Take the listing below and output it exactly, with no images.

Data below.
-=-=-=-=-

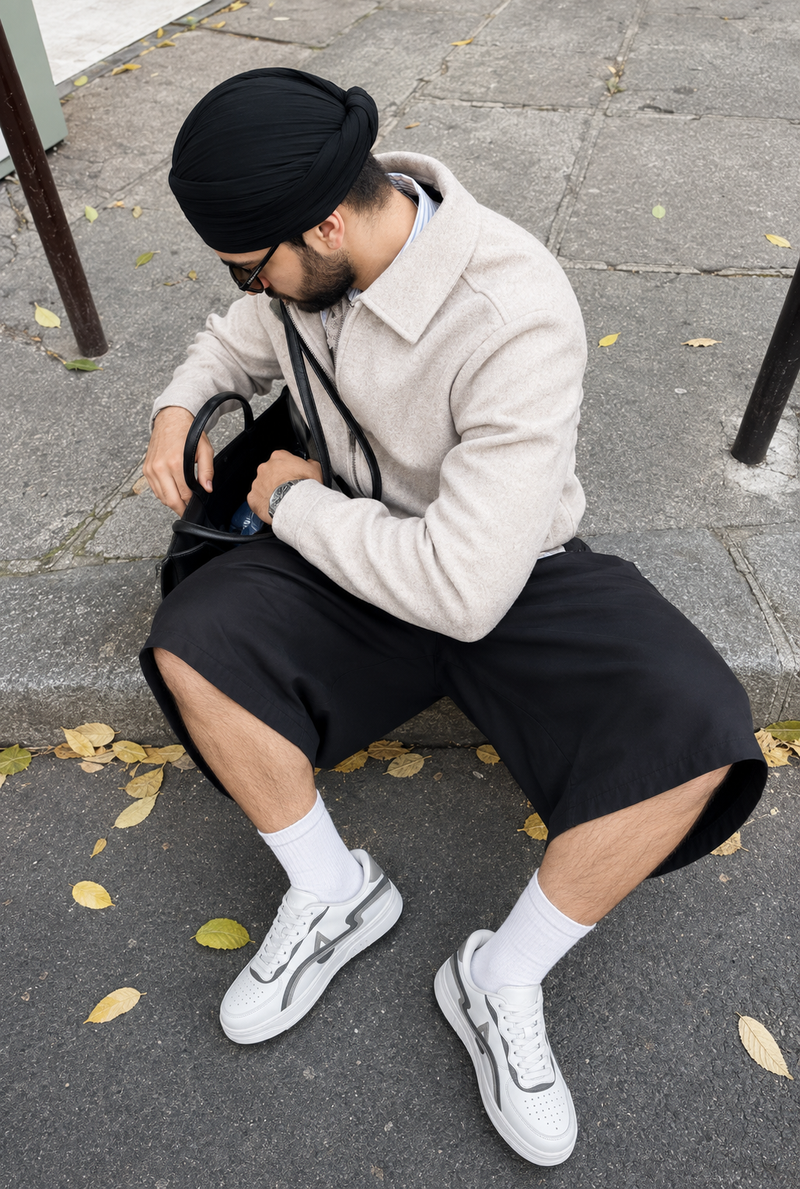 A man wearing a beige fleece jacket, black shorts, white sneakers, and a black turban sits on a stone curb outdoors, looking into a black bag.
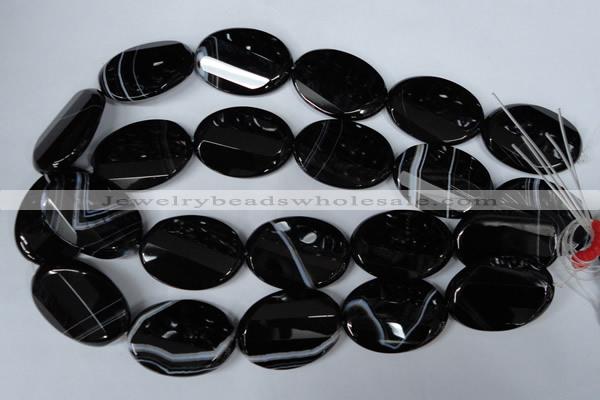 CAG3087 15.5 inches 25*35mm faceted oval black line agate beads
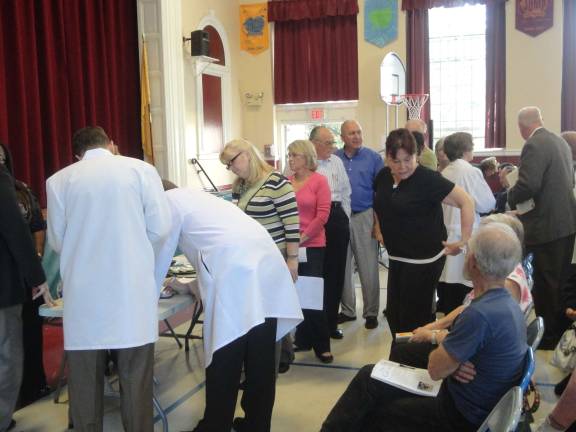 Overflowing crowd voices support for local hospital Guests had to sign in in order to make a three-minute speech about the hospital. Here, the line is already at least a dozen people long a half hour before the hearing started.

-=-=-=-=-

Written solution.
 A man wearing a beige fleece jacket, black shorts, white sneakers, and a black turban sits on a stone curb outdoors, looking into a black bag.
 CAG3087 15.5 inches 25*35mm faceted oval black line agate beads
 Overflowing crowd voices support for local hospital Guests had to sign in in order to make a three-minute speech about the hospital. Here, the line is already at least a dozen people long a half hour before the hearing started.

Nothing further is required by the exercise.